Uniform Circular Motion:
Suppose that a particle's position is given by the following expression:
r(t) = Rcos(omega*t)i + Rsin(omega*t)j
1. Choose the answer that best completes the following sentence:
The particle's motion at t=0 can be described by ____________.
a. an ellipse starting at time t=0 on the positive x axis
b. an ellipse starting at time t=0 on the positive y axis
c. a circle starting at time t=0 on the positive x axis
d. a circle starting at time t=0 on the positive y axis
2. When does the particle first cross the negative x axis?
Express your answer in terms of some or all of the variables omega, R, and pi.
3. Find the particle's velocity as a function of time.
Express your answer using unit vectors (e.g., A i+ B j, where A and B are functions of omega, R, t, and pi).
4. Find the speed of the particle at time t.
Express your answer in terms of some or all of the variables omega, R, and pi.
2. pi/w
3. -wRsin(wt)ihat +wRcos(wt)jhat
4.R*w
1. a circle starting at time on the positive x axis
it is the function r(t).
1.
circle on x axis
1. To determine the particle's motion at t=0, we can substitute t=0 into the expression for r(t).
r(0) = Rcos(omega*0)i + Rsin(omega*0)j
= Rcos(0)i + Rsin(0)j
= R(1)i + 0j
= Ri
Since the x-component is R and the y-component is 0 at t=0, the particle's motion can be described as a circle starting at time t=0 on the positive x-axis.
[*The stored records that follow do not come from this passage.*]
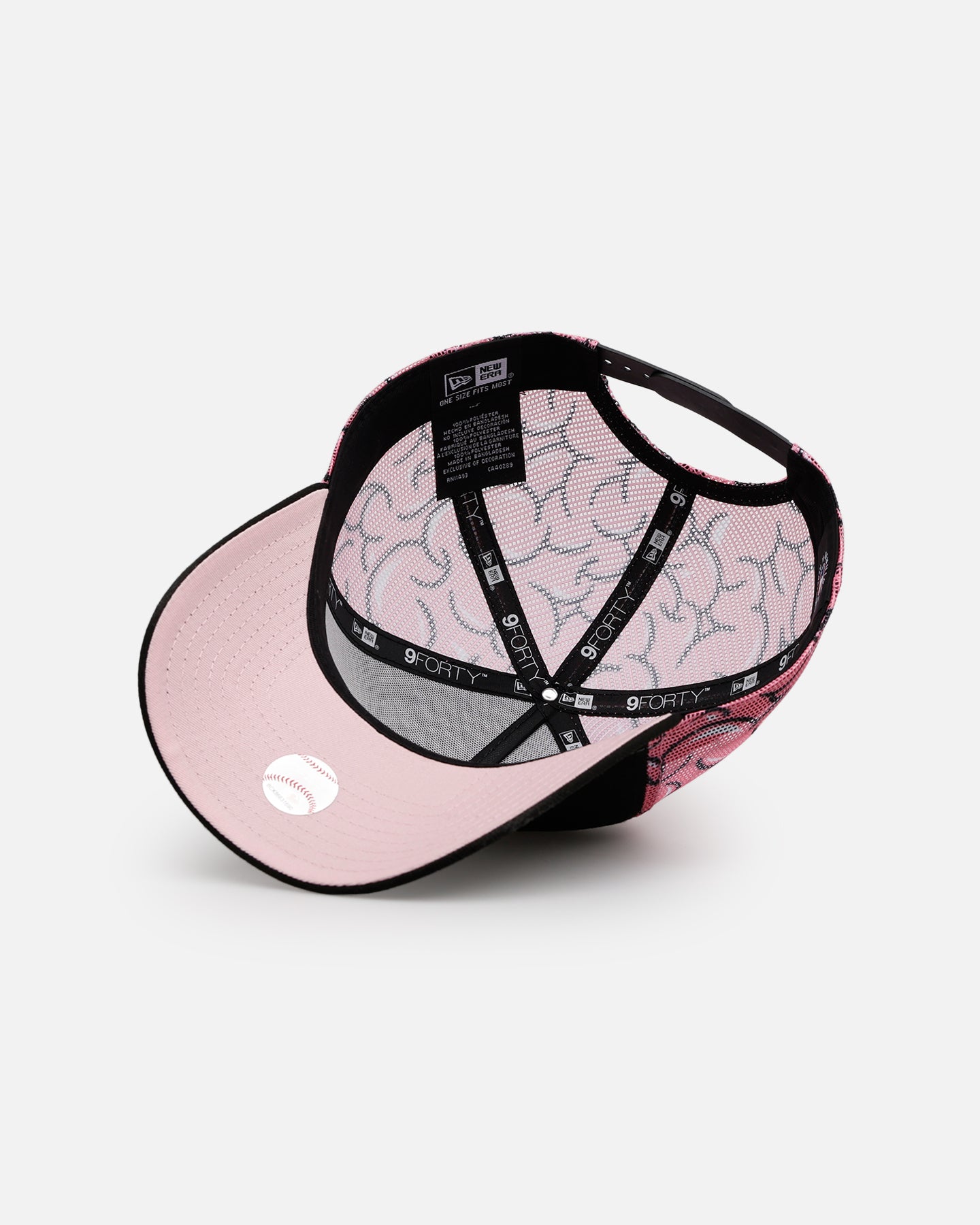 New Era Atlanta Braves 'Thoughtful' 9FORTY A-Frame Trucker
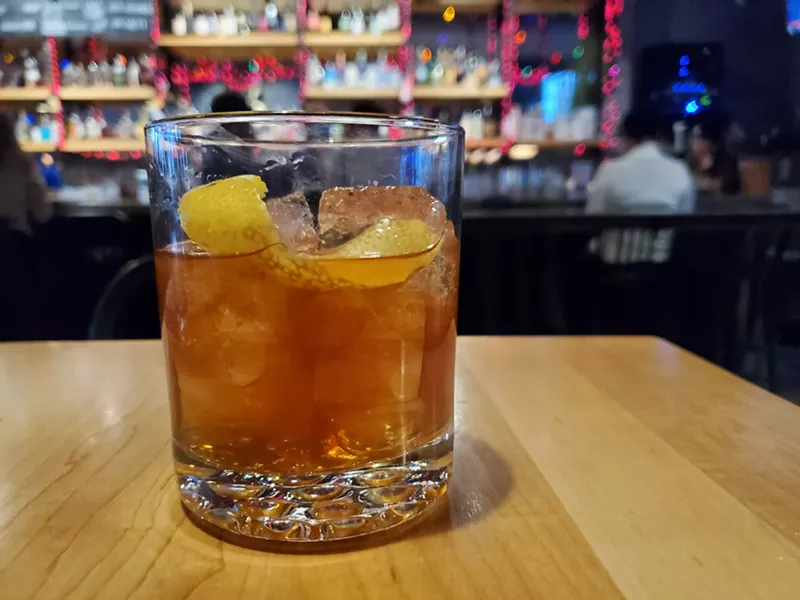 Image: An Old Fashioned at American Bonded.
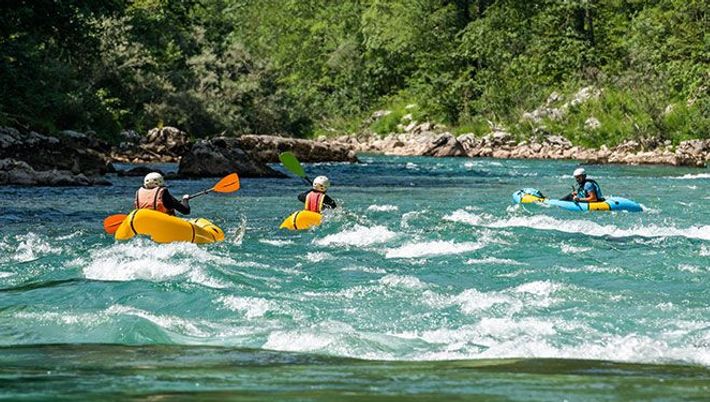 PACKRAFTING ON TARA RIVER WITH DURMITOR ADVENTURE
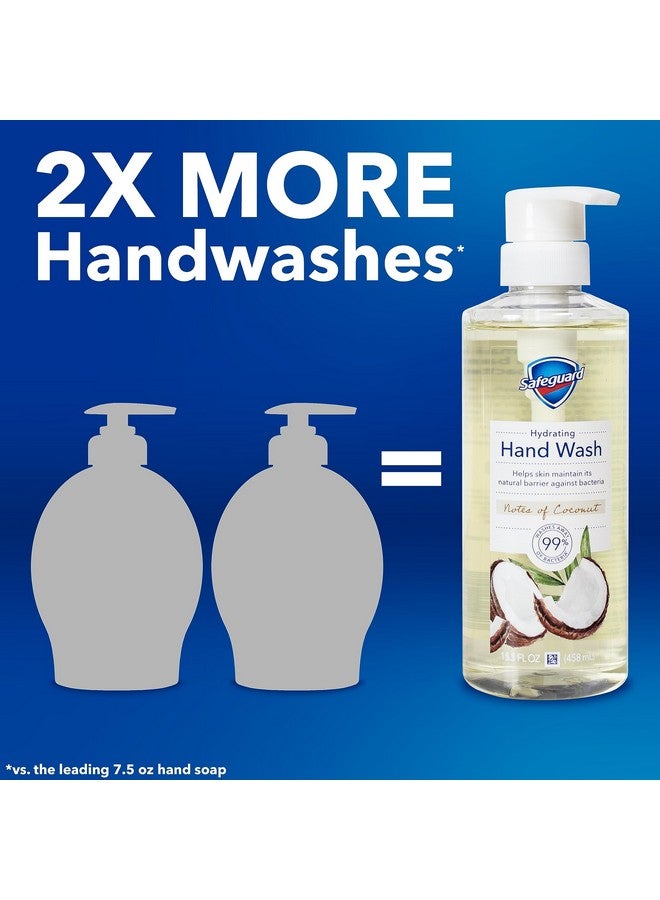 Safeguard Hand Wash Coconut 15.5 Oz (Pack Of 4) - Image 5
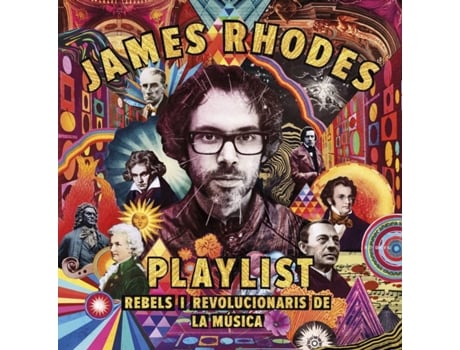 Livro Playlist. Revels I Revolucionaris De La Música de James Rhodes (Catalão)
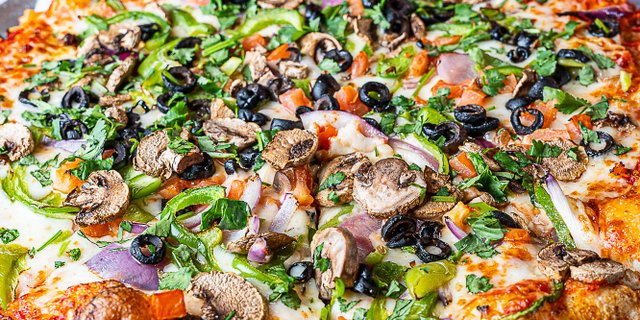Desi Beggie Peeja Pizza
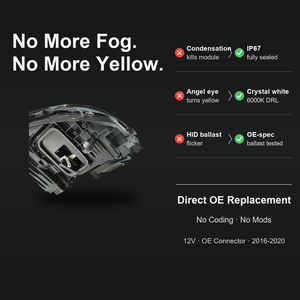 Ensemble de phares avant LED standard OE pour <span class=keywords><strong>Mercedes</strong></span>-Benz Classe E W213 2016 <span class=keywords><strong>2020</strong></span> E250 E300 E350e E300d 2139066501 Plug and Play - Product Image 4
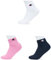 Champion Core Socks 3pp Quarter Chaussettes, Rose (Fuchsia), 43-46 Mixte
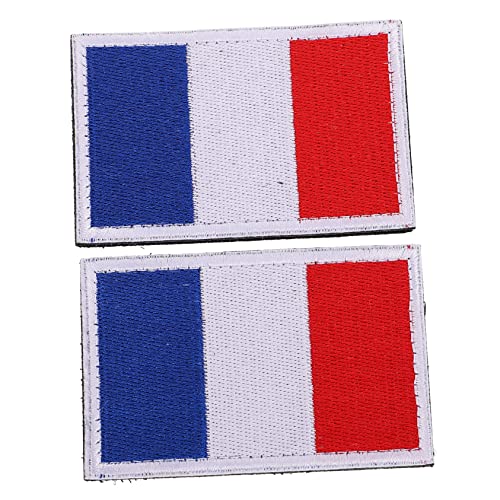 ADOCARN 2 Stück Nationalflaggen Aufnäher Bestickte Selbstklebende Patches für DIY Projekte Taschen und Kleidung Hochwertige für Fans der Europameisterschaft ADOCARN 2 Stück Nationalflaggen Aufnäher Bestickte Selbstklebende Patches für DIY Projekte Taschen und Kleidung Hochwertige für Fans der Europameisterschaft von ADOCARN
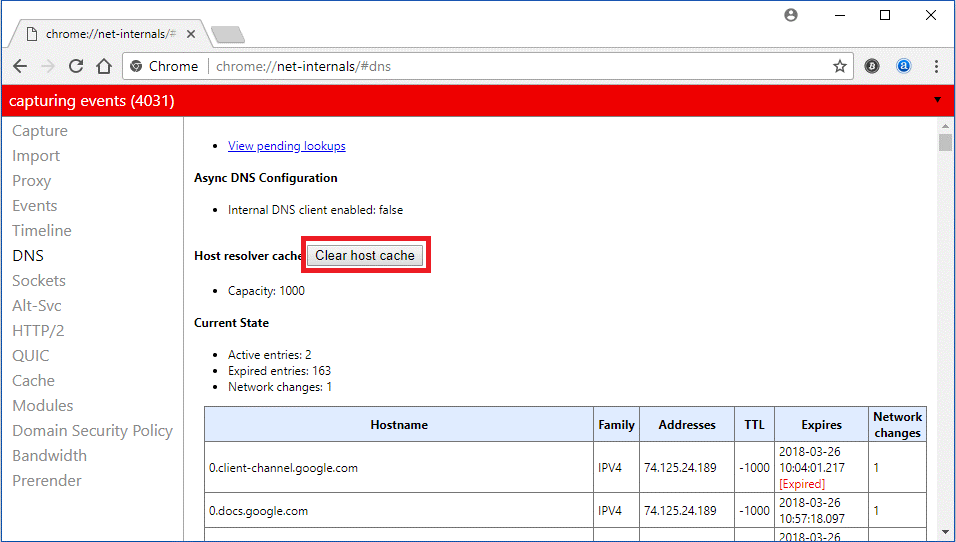 Fix Server DNS Address Could Not Be Found In Chrome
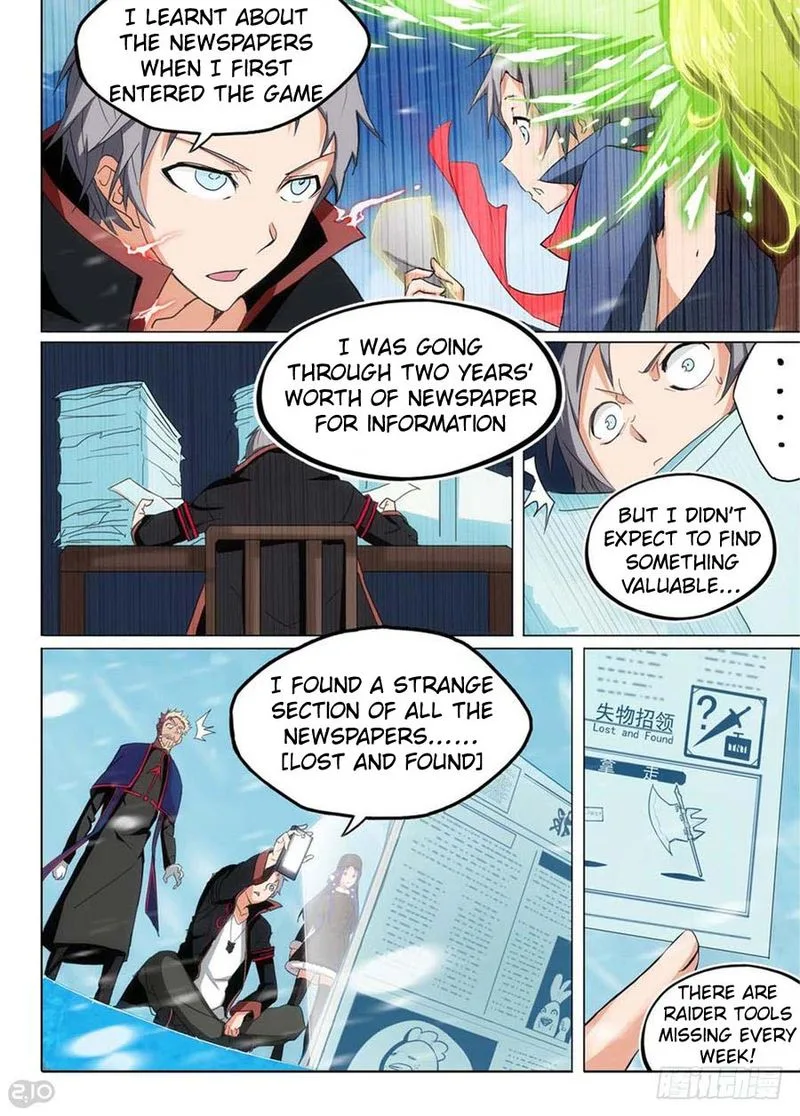 Silver Gravekeeper Chapter 254 page 2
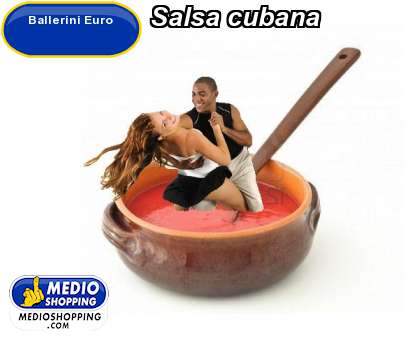 Medioshopping Salsa cubana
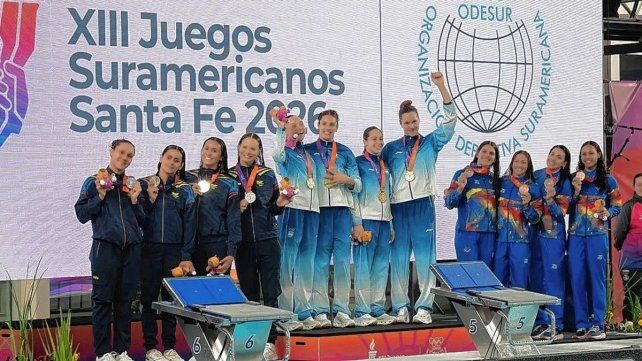 Juegos Suramericanos: Brasil, Argentina y Venezuela subieron a lo más alto en natación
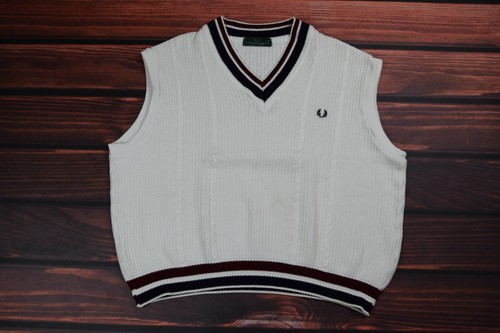 fred perry vest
Therefore, the correct answer is (c) a circle starting at time t=0 on the positive x axis.
2. To find when the particle first crosses the negative x axis, we need to determine when the x-component of r(t) becomes negative.
Setting the x-component equal to 0:
Rcos(omega*t) = 0
This equation holds true when omega*t = pi/2 or 3pi/2 (since the cosine function equals zero at these angles).
Solving for t:
omega*t = pi/2 or 3pi/2
t = (pi/2) / omega or (3pi/2) / omega
Therefore, the particle first crosses the negative x axis at t = (pi/2) / omega or (3pi/2) / omega.
3. To find the particle's velocity as a function of time, we can differentiate the position function with respect to time.
v(t) = d/dt [Rcos(omega*t)i + Rsin(omega*t)j]
= -Romega*sin(omega*t)i + Romega*cos(omega*t)j
Therefore, the particle's velocity is given by v(t) = -Romega*sin(omega*t)i + Romega*cos(omega*t)j.
4. The speed of the particle at time t is the magnitude of its velocity vector.
|v(t)| = sqrt[(-Romega*sin(omega*t))^2 + (Romega*cos(omega*t))^2]
= sqrt[R^2omega^2*sin^2(omega*t) + R^2omega^2*cos^2(omega*t)]
= sqrt[R^2omega^2(sin^2(omega*t) + cos^2(omega*t))]
= sqrt[R^2omega^2]
Therefore, the speed of the particle at time t is |v(t)| = Romega.